It is a right hemisphere versus left hemisphere thing. The Hong Kong Government is no different to the rest of humanity in this. Practical matters, like accountancy, diesel tax and pumping sewage straight into the harbour are dealt with in one hemisphere of the brain. Creative and intuitive matters like language, the arts and quality of life in the other.
But in individuals there are occasional sparks of communication between one side and the other. That is why we know, for instance, that it may be cheaper to let our waste water wash straight down the hill through ancient, cracked and inadequate sewage pipes, overflow into storm drains and occasionally re-emerge in the streets of Central, but it is infinitely preferable to treat it and find sustainable ways to dispose of it.

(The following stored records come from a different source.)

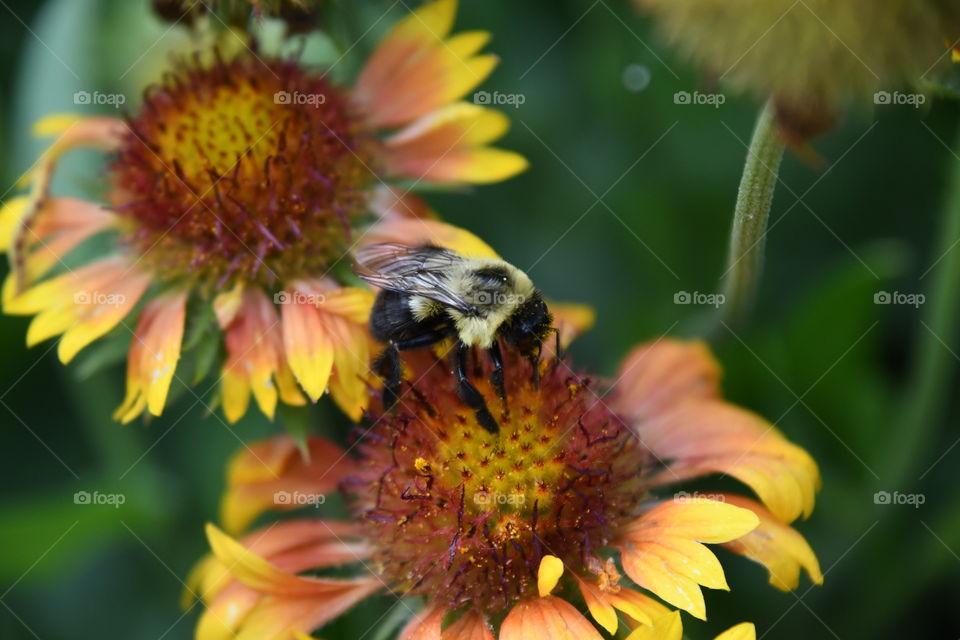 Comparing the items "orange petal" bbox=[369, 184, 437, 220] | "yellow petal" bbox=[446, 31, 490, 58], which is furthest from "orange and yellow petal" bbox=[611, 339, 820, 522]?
"yellow petal" bbox=[446, 31, 490, 58]

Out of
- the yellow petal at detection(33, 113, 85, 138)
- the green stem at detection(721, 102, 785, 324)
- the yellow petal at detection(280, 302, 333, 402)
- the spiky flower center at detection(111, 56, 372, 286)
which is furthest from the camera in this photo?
the yellow petal at detection(33, 113, 85, 138)

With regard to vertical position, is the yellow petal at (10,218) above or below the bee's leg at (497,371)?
above

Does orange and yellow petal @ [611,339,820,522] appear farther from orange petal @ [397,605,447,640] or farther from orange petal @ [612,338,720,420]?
orange petal @ [397,605,447,640]

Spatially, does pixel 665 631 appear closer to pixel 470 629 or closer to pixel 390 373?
pixel 470 629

Intuitively, we understand the harbour will be more pleasant and less likely to congeal into a stinking mire, if we do not burden it daily with two million tonnes of waste.

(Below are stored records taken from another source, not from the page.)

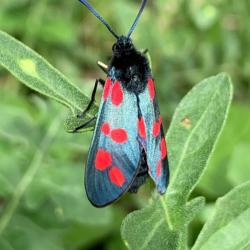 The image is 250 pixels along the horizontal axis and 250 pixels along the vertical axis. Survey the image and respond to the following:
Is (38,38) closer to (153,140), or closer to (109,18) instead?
(109,18)

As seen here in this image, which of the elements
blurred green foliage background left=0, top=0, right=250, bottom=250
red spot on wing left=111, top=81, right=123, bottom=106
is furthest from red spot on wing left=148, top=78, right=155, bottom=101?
blurred green foliage background left=0, top=0, right=250, bottom=250

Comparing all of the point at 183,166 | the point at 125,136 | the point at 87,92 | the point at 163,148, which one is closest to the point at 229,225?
the point at 183,166

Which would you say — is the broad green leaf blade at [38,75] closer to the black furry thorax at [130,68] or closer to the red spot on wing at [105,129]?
the red spot on wing at [105,129]

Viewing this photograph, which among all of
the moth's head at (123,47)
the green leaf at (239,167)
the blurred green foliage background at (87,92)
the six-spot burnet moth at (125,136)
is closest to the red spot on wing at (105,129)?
the six-spot burnet moth at (125,136)

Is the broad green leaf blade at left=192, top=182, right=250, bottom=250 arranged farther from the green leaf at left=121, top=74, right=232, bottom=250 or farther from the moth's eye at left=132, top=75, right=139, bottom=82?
the moth's eye at left=132, top=75, right=139, bottom=82

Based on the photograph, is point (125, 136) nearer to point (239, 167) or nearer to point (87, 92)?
point (87, 92)

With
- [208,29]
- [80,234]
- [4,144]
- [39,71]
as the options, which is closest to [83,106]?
[39,71] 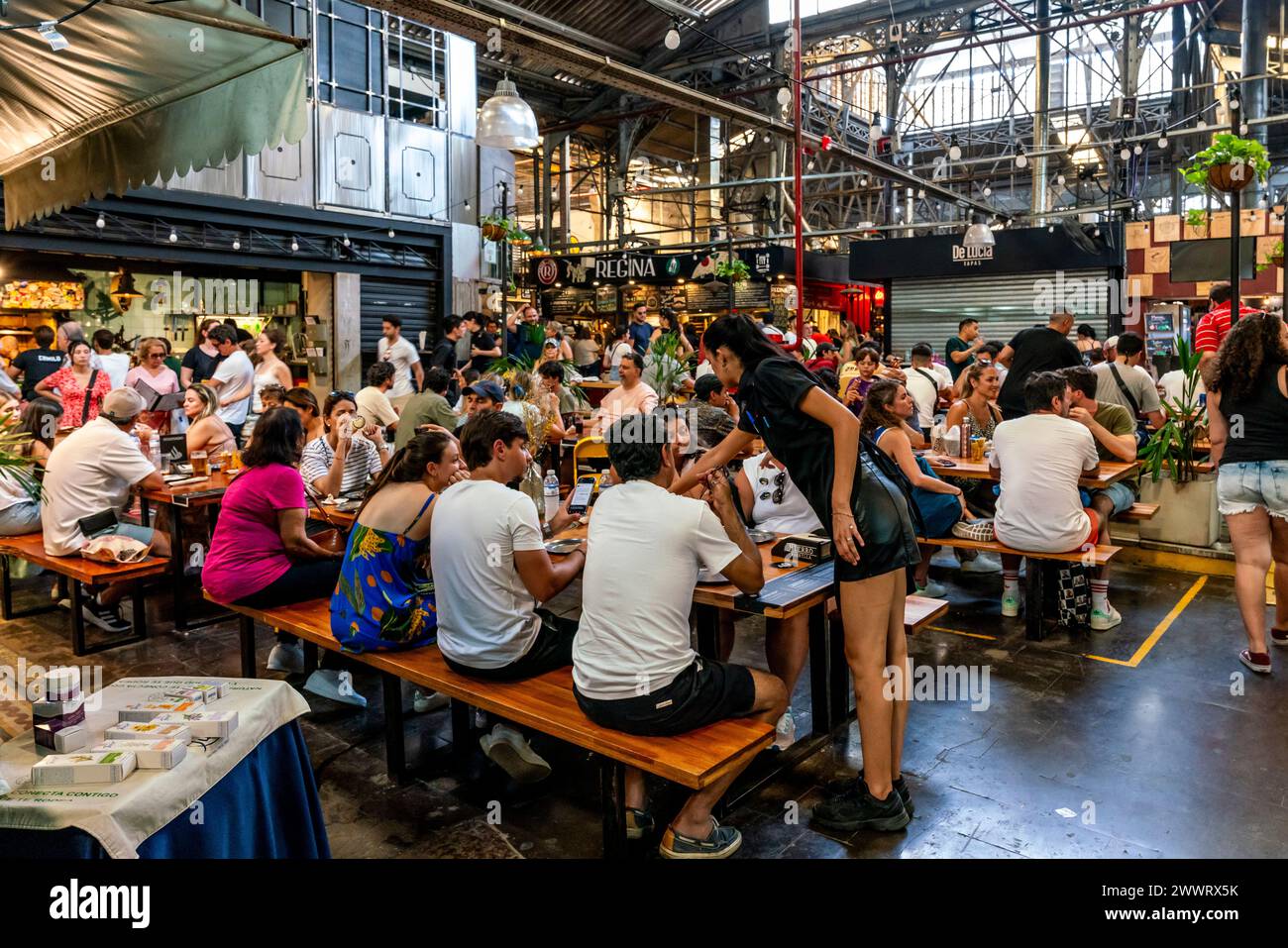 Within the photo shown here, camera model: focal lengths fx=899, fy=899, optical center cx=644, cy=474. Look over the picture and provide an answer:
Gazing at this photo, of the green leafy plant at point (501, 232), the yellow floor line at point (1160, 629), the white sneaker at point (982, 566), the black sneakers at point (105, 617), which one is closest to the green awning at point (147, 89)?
the black sneakers at point (105, 617)

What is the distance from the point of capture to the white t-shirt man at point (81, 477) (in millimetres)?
5051

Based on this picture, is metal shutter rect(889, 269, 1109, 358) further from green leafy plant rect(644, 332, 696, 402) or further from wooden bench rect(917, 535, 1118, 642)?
wooden bench rect(917, 535, 1118, 642)

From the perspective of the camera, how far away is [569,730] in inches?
110

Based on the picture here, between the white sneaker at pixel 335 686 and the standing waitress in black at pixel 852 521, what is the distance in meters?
2.27

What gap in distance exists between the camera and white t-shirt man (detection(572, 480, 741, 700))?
2.68m

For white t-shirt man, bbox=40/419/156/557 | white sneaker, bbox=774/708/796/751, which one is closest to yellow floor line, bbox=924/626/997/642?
white sneaker, bbox=774/708/796/751

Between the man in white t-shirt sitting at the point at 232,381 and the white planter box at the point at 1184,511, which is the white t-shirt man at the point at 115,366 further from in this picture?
the white planter box at the point at 1184,511

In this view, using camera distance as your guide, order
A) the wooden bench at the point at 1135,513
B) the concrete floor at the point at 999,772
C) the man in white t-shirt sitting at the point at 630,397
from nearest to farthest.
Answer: the concrete floor at the point at 999,772 → the wooden bench at the point at 1135,513 → the man in white t-shirt sitting at the point at 630,397

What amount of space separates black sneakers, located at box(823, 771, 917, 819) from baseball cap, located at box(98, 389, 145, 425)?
14.3ft

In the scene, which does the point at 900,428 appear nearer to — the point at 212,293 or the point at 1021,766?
the point at 1021,766

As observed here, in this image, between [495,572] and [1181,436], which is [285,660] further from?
[1181,436]

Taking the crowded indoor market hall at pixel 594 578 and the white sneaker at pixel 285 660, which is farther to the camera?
the white sneaker at pixel 285 660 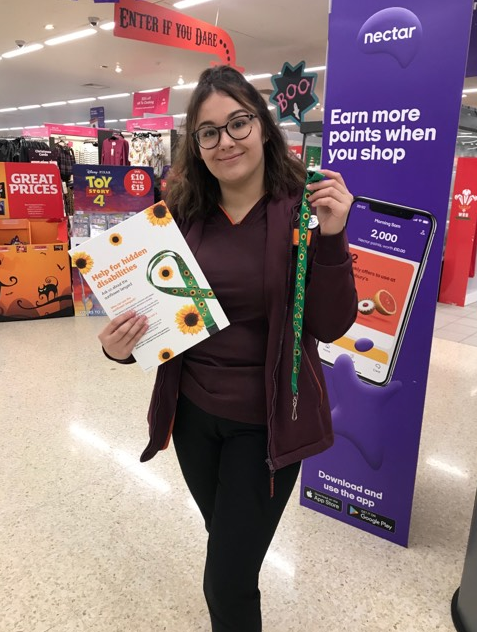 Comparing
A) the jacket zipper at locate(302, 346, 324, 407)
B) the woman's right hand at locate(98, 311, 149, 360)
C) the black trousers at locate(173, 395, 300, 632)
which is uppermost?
the woman's right hand at locate(98, 311, 149, 360)

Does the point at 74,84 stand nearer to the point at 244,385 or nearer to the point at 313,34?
the point at 313,34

Governments do not have the inter-hemispheric synapses required for intuition. It takes some sentient human being like a Governor or Chief Executive (OK, OK, it is quite an assumption, but previous leaders have occasionally come up with good ideas like sewage treatment schemes), to collect lifestyle impulses from one side of the brain and use them to guide the policies implemented by the other. The technical phrase for this process is 'banging hemispheres together', although in layman's language we talk, loosely, of banging heads.

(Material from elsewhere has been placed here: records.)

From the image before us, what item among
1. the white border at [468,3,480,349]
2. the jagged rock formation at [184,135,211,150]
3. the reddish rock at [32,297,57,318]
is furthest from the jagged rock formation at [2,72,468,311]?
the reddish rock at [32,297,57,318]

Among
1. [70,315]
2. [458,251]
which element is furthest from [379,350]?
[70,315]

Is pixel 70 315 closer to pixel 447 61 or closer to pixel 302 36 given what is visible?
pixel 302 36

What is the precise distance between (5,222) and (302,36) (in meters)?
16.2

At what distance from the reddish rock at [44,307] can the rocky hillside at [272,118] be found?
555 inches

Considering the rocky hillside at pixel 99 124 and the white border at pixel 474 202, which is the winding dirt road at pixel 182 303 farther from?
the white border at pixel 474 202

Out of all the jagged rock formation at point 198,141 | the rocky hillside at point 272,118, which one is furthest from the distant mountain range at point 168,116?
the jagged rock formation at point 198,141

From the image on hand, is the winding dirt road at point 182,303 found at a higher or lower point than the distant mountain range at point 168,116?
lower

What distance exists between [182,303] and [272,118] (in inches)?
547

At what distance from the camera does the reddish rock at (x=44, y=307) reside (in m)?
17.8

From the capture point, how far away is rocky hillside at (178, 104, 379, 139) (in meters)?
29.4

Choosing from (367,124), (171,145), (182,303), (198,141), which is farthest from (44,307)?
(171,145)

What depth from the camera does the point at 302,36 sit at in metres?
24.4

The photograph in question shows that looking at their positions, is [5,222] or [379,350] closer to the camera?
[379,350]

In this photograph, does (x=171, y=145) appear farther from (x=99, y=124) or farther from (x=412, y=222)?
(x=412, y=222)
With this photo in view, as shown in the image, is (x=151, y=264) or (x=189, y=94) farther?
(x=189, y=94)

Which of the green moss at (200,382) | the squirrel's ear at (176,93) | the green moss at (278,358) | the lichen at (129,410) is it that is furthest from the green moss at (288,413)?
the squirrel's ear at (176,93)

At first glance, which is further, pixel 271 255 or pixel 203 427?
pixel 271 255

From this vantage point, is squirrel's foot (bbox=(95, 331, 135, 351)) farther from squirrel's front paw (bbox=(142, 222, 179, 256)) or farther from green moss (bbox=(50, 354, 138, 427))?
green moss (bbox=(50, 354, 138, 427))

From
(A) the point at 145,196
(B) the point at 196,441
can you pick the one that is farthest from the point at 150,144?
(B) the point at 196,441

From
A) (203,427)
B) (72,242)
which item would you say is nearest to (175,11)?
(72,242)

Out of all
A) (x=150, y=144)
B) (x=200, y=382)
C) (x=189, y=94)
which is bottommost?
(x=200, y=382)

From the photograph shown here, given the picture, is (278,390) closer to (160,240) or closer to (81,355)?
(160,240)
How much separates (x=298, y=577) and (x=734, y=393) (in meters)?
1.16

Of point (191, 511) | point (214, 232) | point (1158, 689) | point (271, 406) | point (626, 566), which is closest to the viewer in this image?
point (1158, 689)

Without this brutal process, nary a communication passes between departments.
Thousands of workers have slaved away for years in the Environmental Protection Department, for instance, installing air-pollution monitors four storeys above street level, and guesstimating the pollution lower down. Finally, under some head-thumping by the media, they get around to installing a few down on the ground where the exhaust fumes are - and discover, to no one else's surprise, that the guesstimates are 170 per cent too low.
But in all this time, no one has been able to flash a single neurotransmitter across to the Financial Secretary's hemisphere (or indeed to the strange hemispherical world inhabited by Legislative Councillors, provisional and elected).